The Analysis of studies and adjustment for gender, race, and age was not performed because none of the studies included adjusted or stated for the influence of these variables. Egger regression analysis estimates (p=0.84) revealed no publication bias based on visual and quantitative evaluation of the funnel plot. Despite this, most of the included studies for meta-analysis had low quality of procedure due to their limited sample size. None of the studies had selective reporting bias, or inadequate outcome data.


Systemic administration of chemotherapy is the standard approach for treatment of most cancer patients including retinoblastoma with high incidence rate of drug associated adverse effects [46]. In 2004, the use of selective intraarterial ophthalmic chemotherapy was firstly reported by Yamane, et al. [47] for patients with retinoblastoma. Despite its challenging technique of catheterizing small blood vessel, IAC has become the first option for treatment of retinoblastoma with widespread utility throughout the world. Before the application of IAC technique, approximately 80% of Rb cases eventually need enucleation to control the hematogenous spread and the involvement of central nervous system [48].
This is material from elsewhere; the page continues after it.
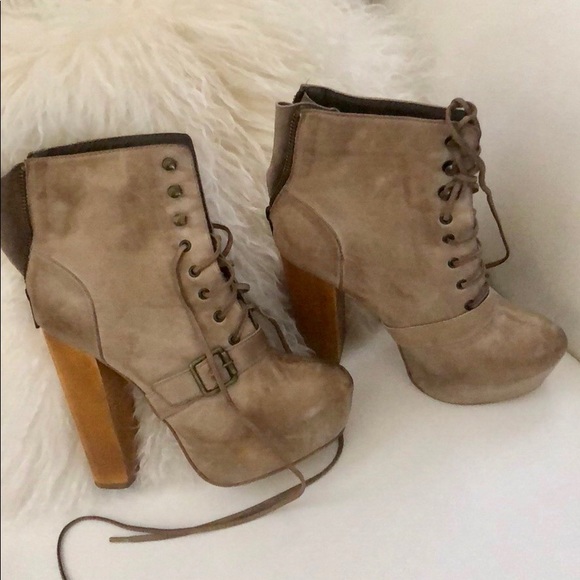 Steve Madden Shoes - ankle boots !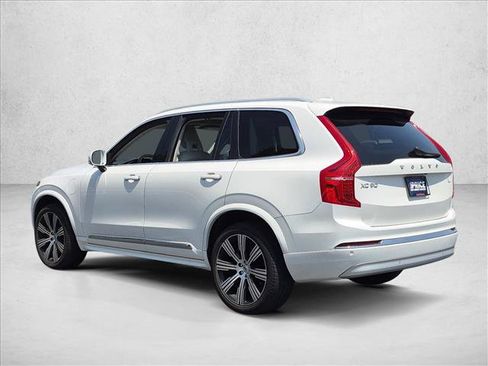 Used 2022 Volvo XC90 T8 Inscription AWD/4WD image 7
The present meta-analysis included 39 studies assessing the main clinical outcomes and complications associated with IAC for patients with retinoblastoma. We conducted this meta-analysis to provide an updated comprehensive evidence of the clinical efficacy and utility of IAC by the inclusion of recent studies which adopted various drugs for retinoblastoma management. The results of the current meta-analysis revealed an improved rate of enucleation following intra-arterial chemotherapy among patients with Rb. The efficacy of intra-arterial chemotherapy in globe conservation has been confirmed in many studies. In this meta-analysis, the estimated overall globe salvage was 76.4% with IAC treatment which is consistent with the rates found by Yousef, et al. 2016 [6], in a recent systematic review based on 12 studies. In our results, the estimated overall metastatic rate was 2.4% which is quiet similar to that reported by Yousef, et al., 2016 pooled analysis estimates of about 2.1% (6). Also, Chen, et al., 2018 [49] reported an overall metastatic rate of 2.7% with IAC among patients with advanced retinoblastoma. The presence of an evidence of histopathologic risk features significantly increases the risk metastatic eye disease. This risk considerably decrease to less than 10% in countries with well advanced hospital settings [49,50].


To sum up, intra-arterial based treatment for retinoblastoma is an efficacious option according to retrospective trials. IAC treatment also reduced the need for Enucleation with low metastasis rates; however, the paucity of evidence from literature warrants further well designed high-level randomized controlled studies. Despite the potential efficacy and the achieved high rates of globe salvage with IAC treatment, several systemic and ocular complications have been reported. Choroidal/retinal ischemia, detachment of retina in about 25% of patients, retinal atrophy and vitreous hemorrhages were the most commonly reported ocular complications. Retinal detachment and hemorrhages represent clinical complications that are transient and generally self-limiting. Unlike ischemic events, it could result in long-term complications and threaten eye vision. Systemic complications included neutropenia and fever. About 10% of cases required bronchodilator for the management of bronchospasm complications. The limitations of the present meta-analysis include the following: firstly, it is based mainly on retrospective studies without any high-level randomized controlled trials. Secondly, few studies reported the disease progression and survival rates with the lack of adequate follow-up after IAC. Thirdly, a substantial heterogeneity was detected in the reported outcomes, and finally, limited standards for stratifying patients with Rb disease.




The author reports no conflicts of interest in this work.